Typically the aim is to create monolingual corpora. But rarely does one know for sure that all downloaded documents contain text in the desired language. Our tool LangSepa allows users to classify the language of a large number of documents. This process is based on the distribution of words and letter unigrams and trigrams within the text which is compared to expected distributions for each language. The language which is most similar is then chosen as the document language. We enclosed data for about 20 languages with LangSepa. 

Input

The tool expects one or more local files in <source>-format with *.txt file-type as input. They need to be encoded in utf-8. Single files can contain several documents in <source>-format, simply by concatenating them into one consecutive file.

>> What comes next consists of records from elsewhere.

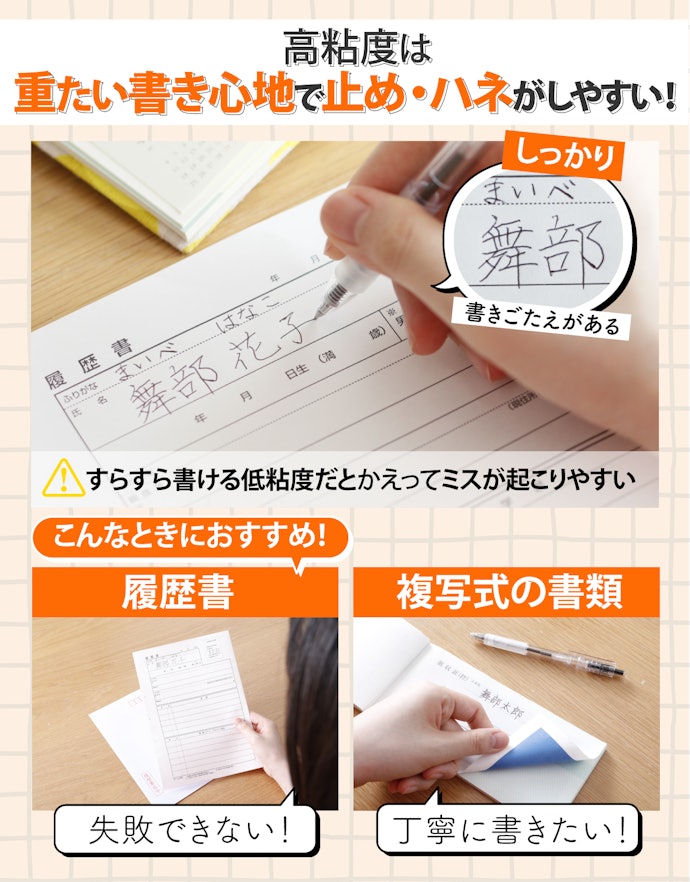 慎重に書きたいときはしっかり止め・ハネができる高粘度を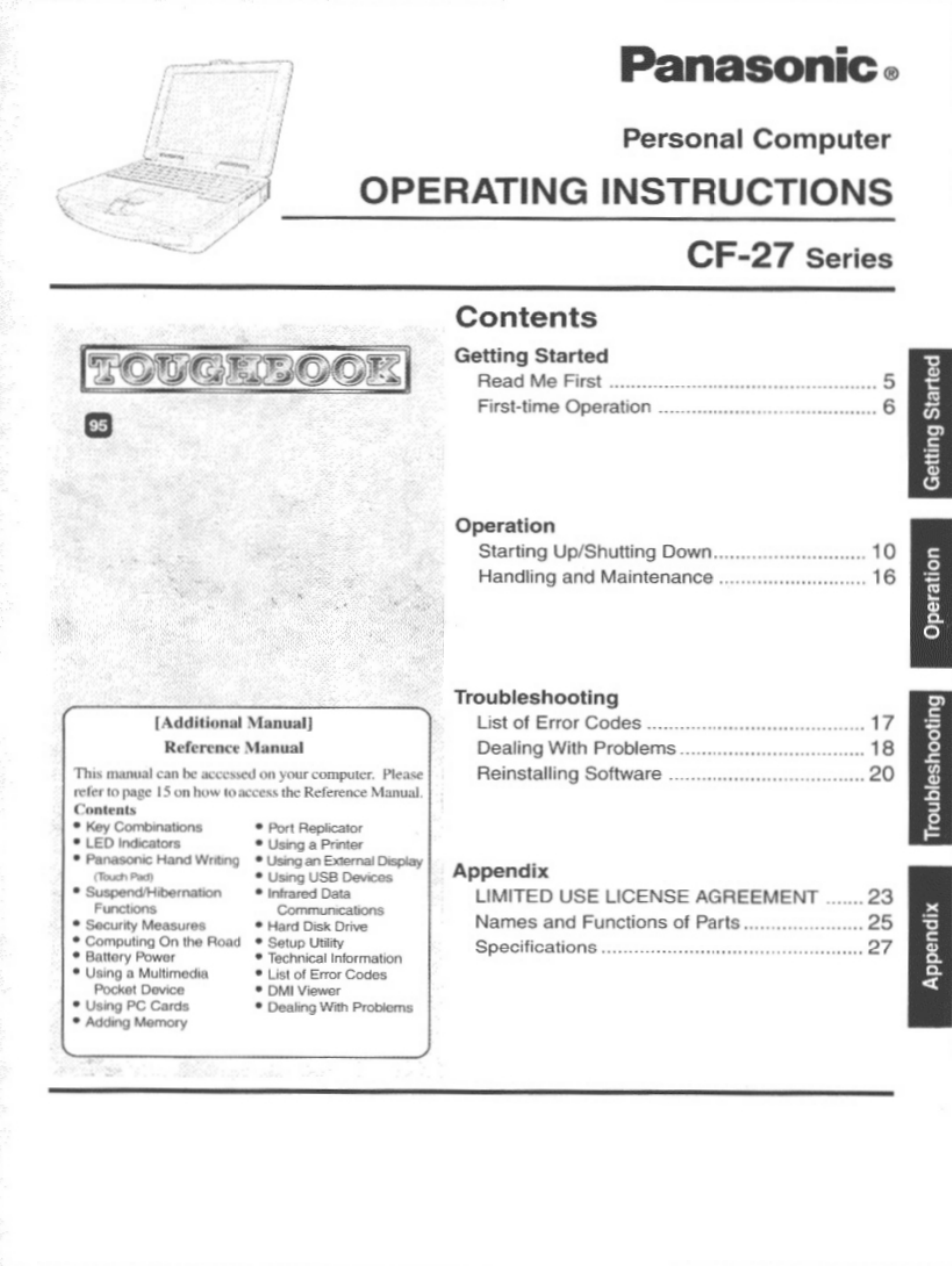 Panasonic CF-27 User Manual | 28 pages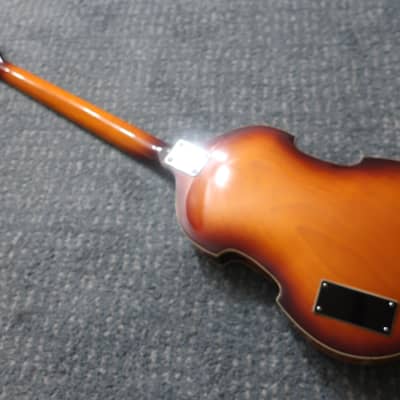 Vintage 1960s Teisco Rhythm Line Viola Violin Scroll Headstock Beatles Bass Guitar Rare Sunburst Clean Case Low Easy To Play Action Short Scale 30' image 9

The files need to be placed in the main directory of LangSepa. All *.txt-files in this directory will be processed and deleted afterwards.

Output

The output of LangSepa are language-separated files in the <source>-format. Depending on the statistics used for deciding the language of a single document (distribution of words or letter unigrams or trigrams), it will be put in subfolders named accordigly.

Parameters

Simply run:

java -jar LangSepa.jar

There is no necessity to change the configuration files.

Download

You can download LangSepa by clicking here.

Installation

After downloading the package unzip it into the working directory of your choice.

For storing language data (necessary for running LangSepa) a local mysql-database is required.

In mysql execute the following stements

create database langsepa;
GRANT ALL PRIVILEGES ON langsepa.* TO 'langsepa'@'localhost' IDENTIFIED BY 'langsepa';

then leave mysql and go back to your working directory and execute:

mysql -u root -p langsepa < langsepa_DBs.sql

Now put your <source>-files in the working directory and run LangSepa.